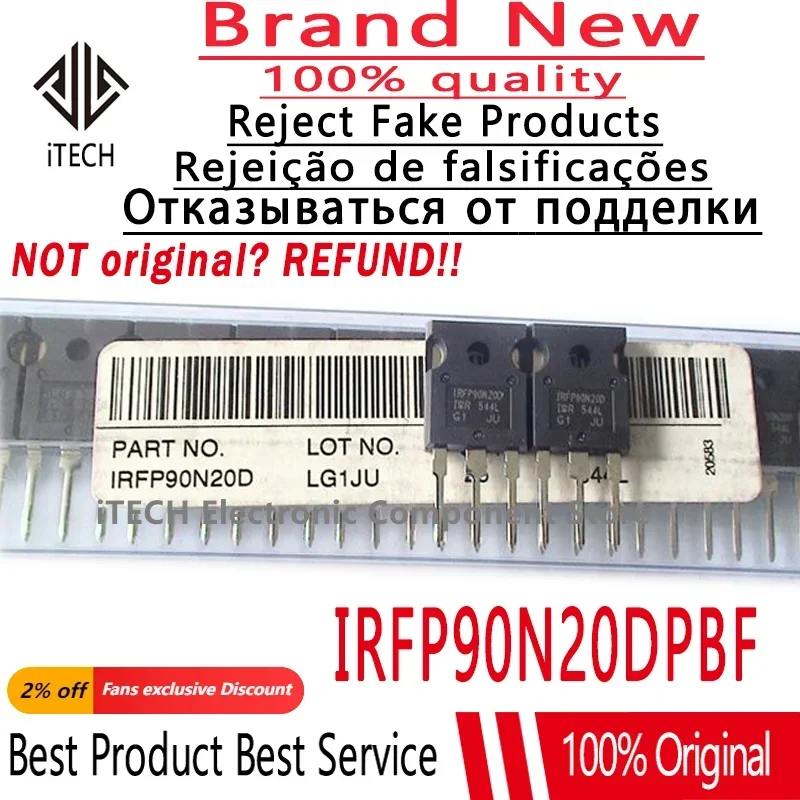 10pcs/lot Original IRFP90N20D IRFP90N20DPBF 90N20D TO-247 N-channel 200V 94A Field Effect Transistor 100% New and Genuine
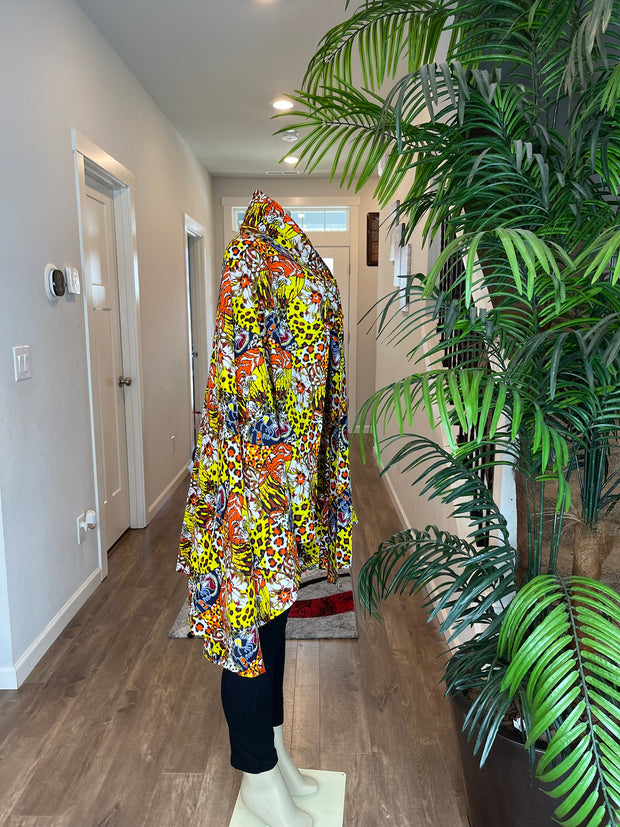 African print cape/ African wax shawl/ African fabric poncho/African high low cape/Plus size shawl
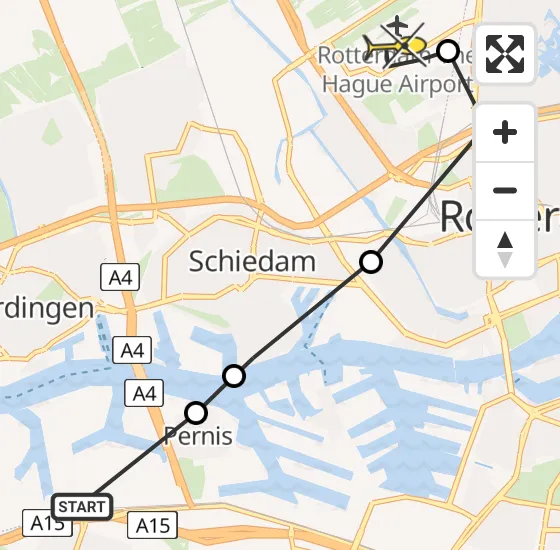 Vlucht Politiehelikopter PH-PXB van Vondelingenplaat naar Rotterdam The Hague Airport op zondag 29 september 2024 17:34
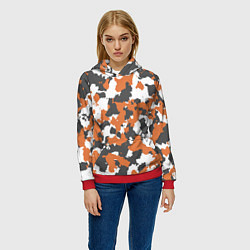 Толстовка-худи женская Orange Camo, цвет: 3D-красный — фото 2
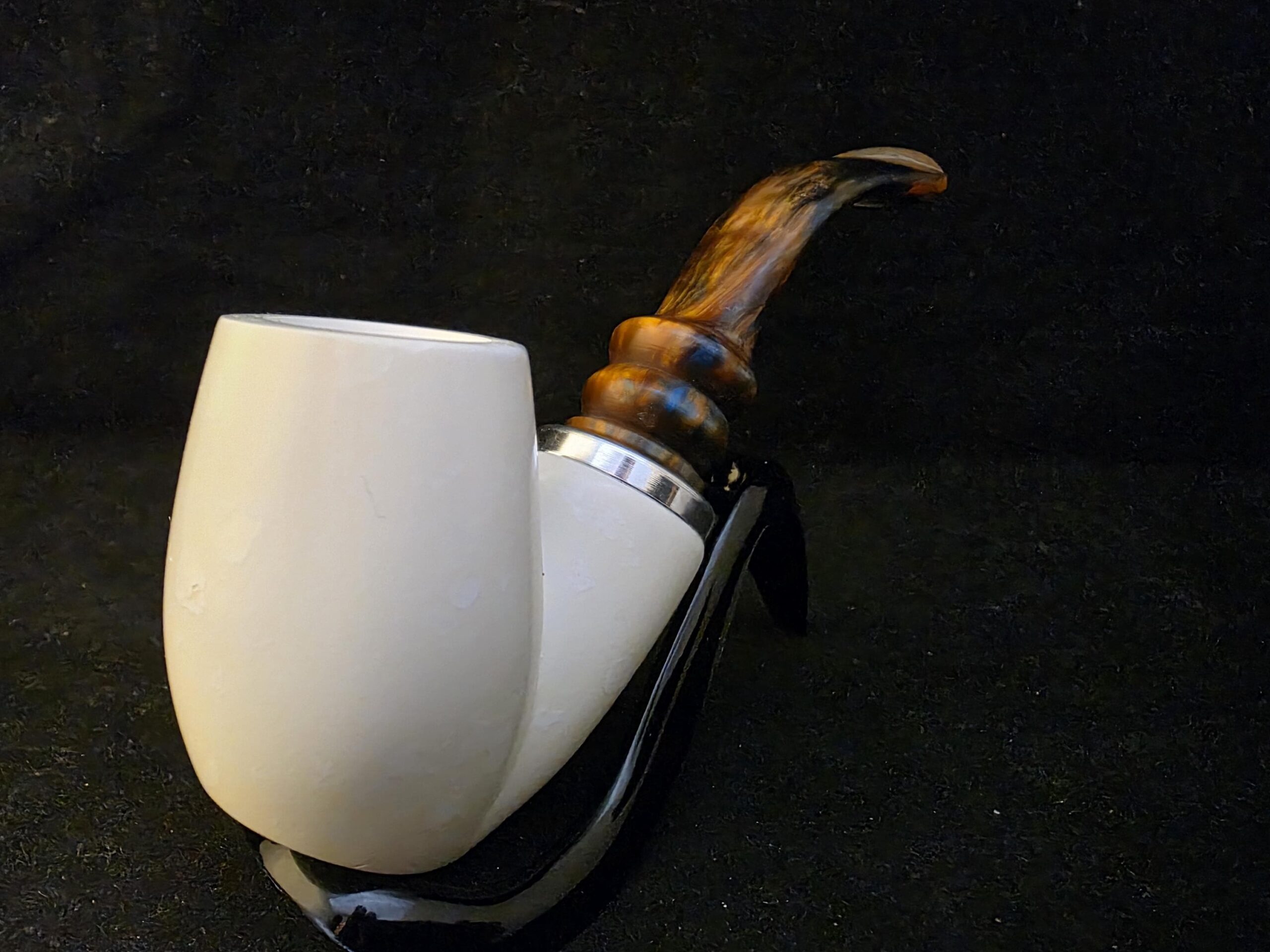 Unique Design Meerschaum Pipe, Hlaf Rustic half Smooth, Fitted Case,Push and Pull Stem System,Reverse Calabash Chamber, Block Meerschaum, - Image 6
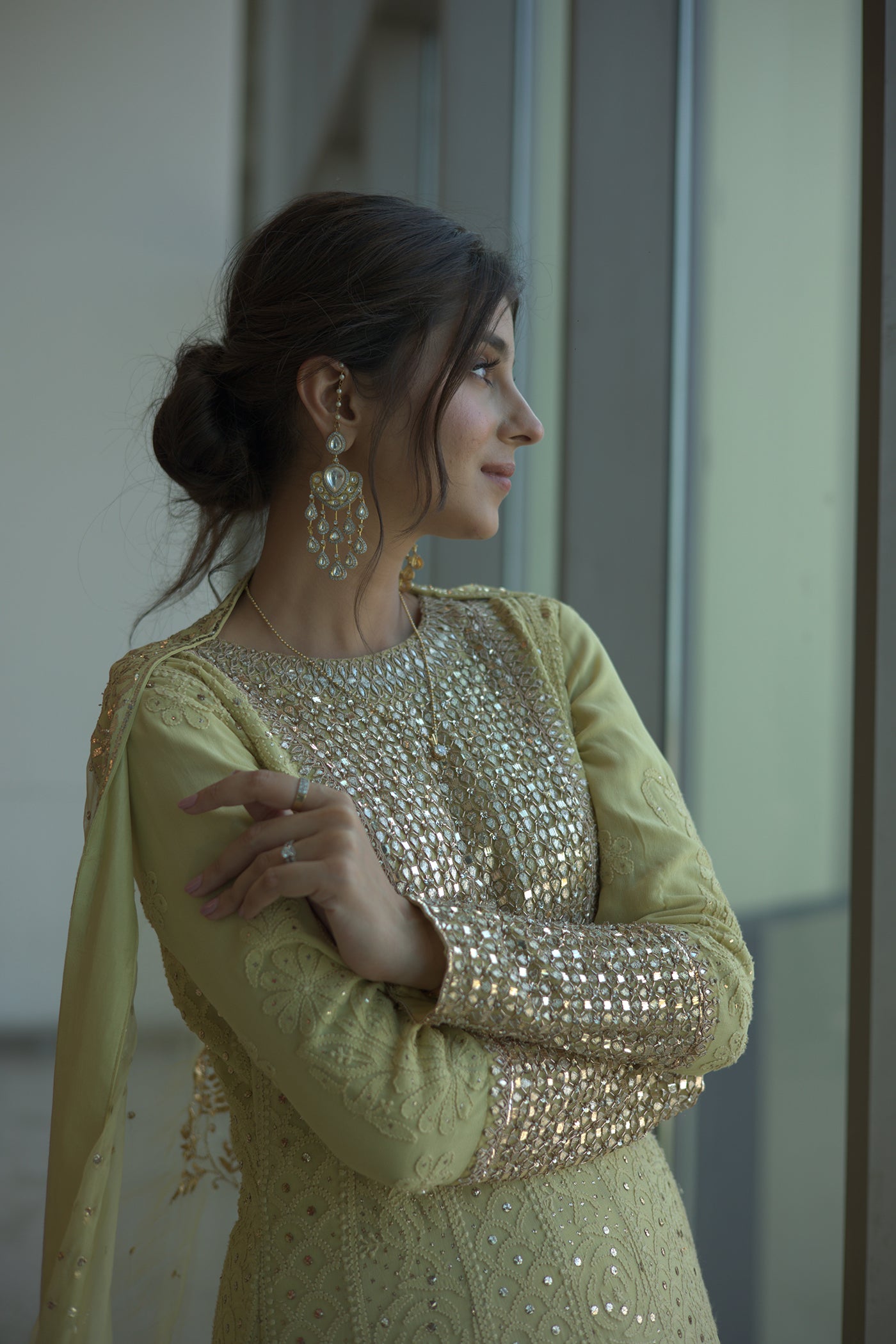 Pista Green Georgette Lucknowi Anarkali Set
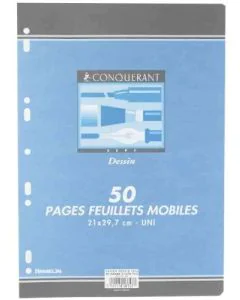 Photo CONQUERANT SEPT : Lot de pages - Feuillets mobiles à dessin - Blanc - 210 x 297 mm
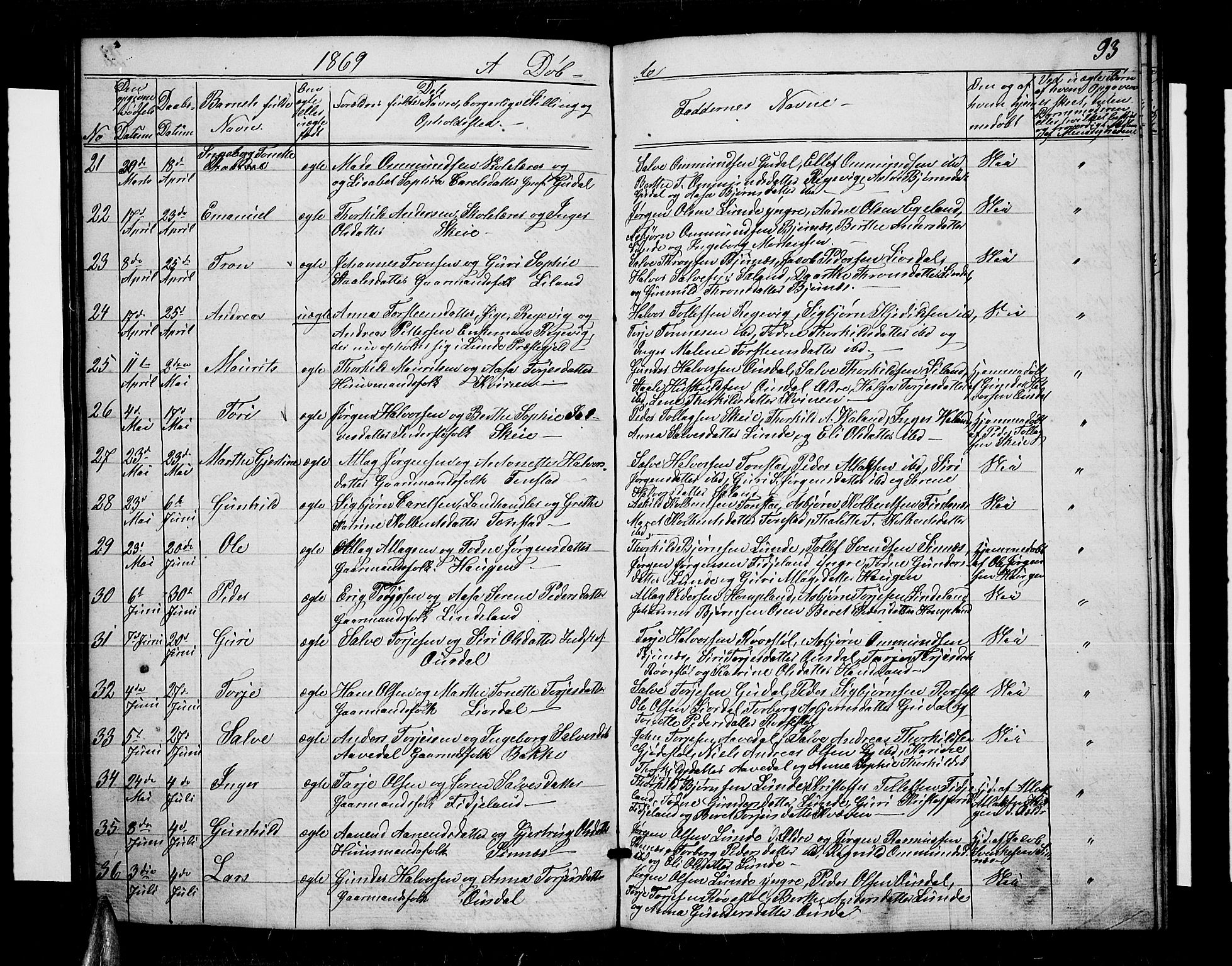 Sirdal sokneprestkontor, AV/SAK-1111-0036/F/Fb/Fbb/L0002: Parish register (copy) no. B 2, 1848-1878, p. 93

========================================================================

### PROBLEM DETAILS:
When you transcribe the lines above, keep every word exact but leave the pictures behind.

### RESPONSE FOR THIS EXERCISE:
 10pcs/lot Original IRFP90N20D IRFP90N20DPBF 90N20D TO-247 N-channel 200V 94A Field Effect Transistor 100% New and Genuine
 African print cape/ African wax shawl/ African fabric poncho/African high low cape/Plus size shawl
 Vlucht Politiehelikopter PH-PXB van Vondelingenplaat naar Rotterdam The Hague Airport op zondag 29 september 2024 17:34
 Толстовка-худи женская Orange Camo, цвет: 3D-красный — фото 2
 Unique Design Meerschaum Pipe, Hlaf Rustic half Smooth, Fitted Case,Push and Pull Stem System,Reverse Calabash Chamber, Block Meerschaum, - Image 6
 Pista Green Georgette Lucknowi Anarkali Set
 Photo CONQUERANT SEPT : Lot de pages - Feuillets mobiles à dessin - Blanc - 210 x 297 mm
 Sirdal sokneprestkontor, AV/SAK-1111-0036/F/Fb/Fbb/L0002: Parish register (copy) no. B 2, 1848-1878, p. 93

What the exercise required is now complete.